How to avoid costly data errors in the enterprise

Using data quality to manage risk

The Top Causes of Big Data Errors in an Enterprise

Data errors can occur at any moment in the enterprise, and in a world where business value lies in this very data, the everyday risk for companies is huge.

To find out what are the most consistent offences when it comes to data errors, and how we can protect ourselves from these mishaps, we fired some questions at Jeffery Brown, product manager at data specialist Infogix.

TechRadar Pro: What are the top causes of data errors in an enterprise?

Jeffery Brown: The causes for data errors within an enterprise are truly endless, but here are some of the top ones:

  • Source data (External data supplied by third party)
  • Manual entry of data (Missing or inaccurate data entry)
  • Conversion/aggregation/translation of data through systems (ETL systems)
  • Data processing (data lost a processed through business)
  • Data cleansing (data that is altered or "changed" by anywhere else than the source)
  • Overwhelming data storage (enormous data warehouses that in the "junk drawer syndrome")
  • Data parsing (portions of being sections off into data marts)

TRP: How do you reduce the risk of data errors?

JB: There are three components to reducing the risk of data errors: Focus on people, process, and technology.
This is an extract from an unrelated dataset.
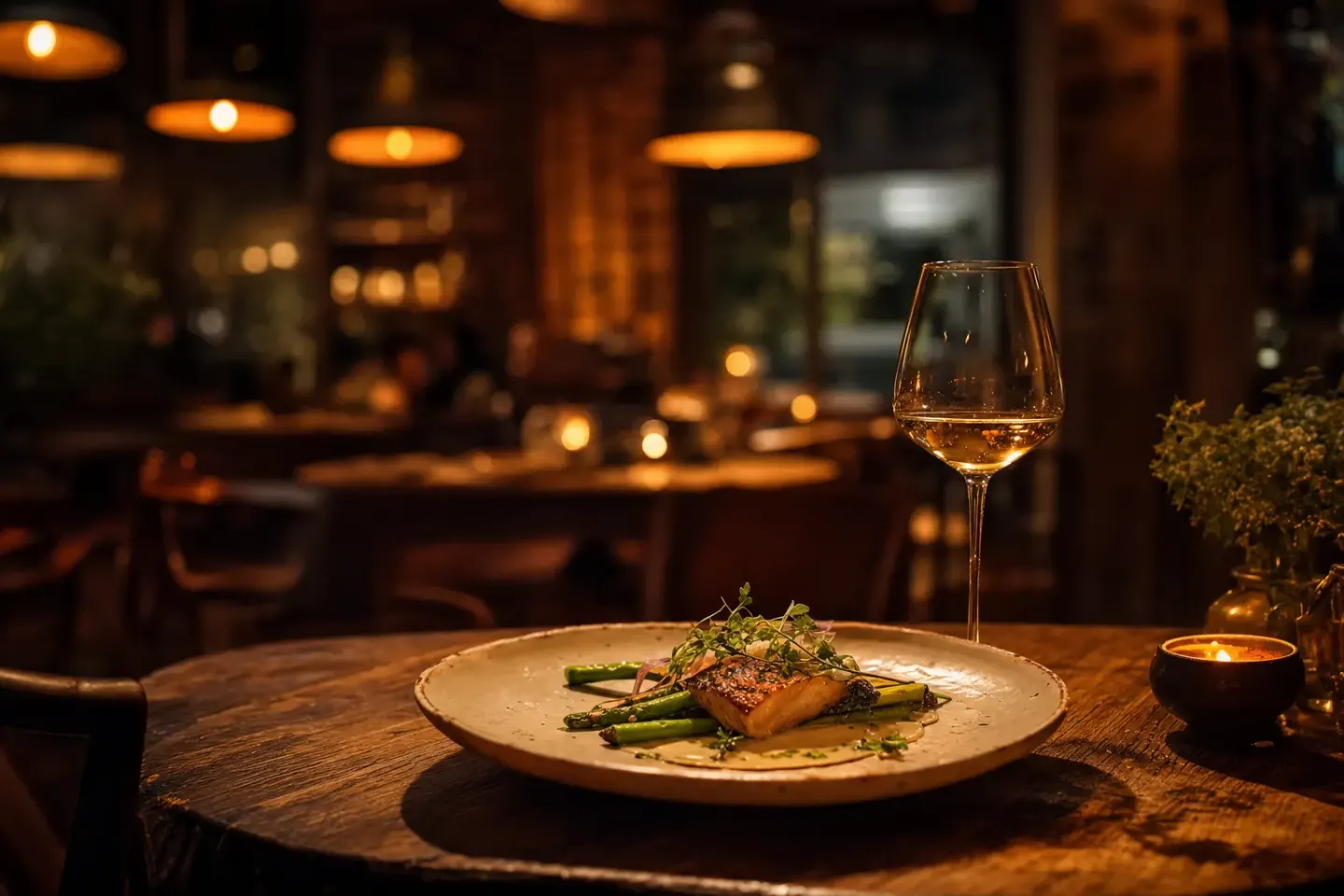 Atmospheric restaurant in the evening, with candlelight and a laid table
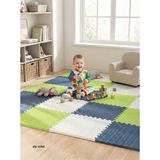 6 Parça 50X50 Puzzle Mat - 100X150 cm Kurulumlu Oyun Spor Pilates Matı Puzzle Halı Tatami 13MM - 100 x 150 cm - Fıstık Yeşili - Lacivert - Beyaz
By ensuring that people understand the data, what are the guidelines to follow, and how to improve data quality, organizations can reduce risk greatly.

Through a proper process, companies can implement the appropriate data governance initiatives and framework, which creates structure and accountability to data.

Lastly, technology is the tool to help realize this reduction in data errors. I like to think of it as a manufacturing line – people do the work, the process ensures the line is running efficiently, and technology is the structure that allows for scalability.

TRP: What's an example of a high-profile data error in recent years that made headlines?

JB: Some of the biggest "data quality" offenders over the past year have really been associated with third party data providers. This is when a data is sold to companies to associate existing customers with specific data or to use for marketing purposes.

One example of a major culprit are what's called "data brokers" who sell customer data to companies without the customer knowledge.

Several large retail customers have recently received negative high profile attention by accidentally mailing marketing promotions with extremely sensitive information on the letter.

TRP: Data errors can obviously hit financial gains, but what other types of things can be affected?

JB: When data errors are publicly exposed, it affects not only the company's customer relationship, but it tarnishes the brand's image for a long while.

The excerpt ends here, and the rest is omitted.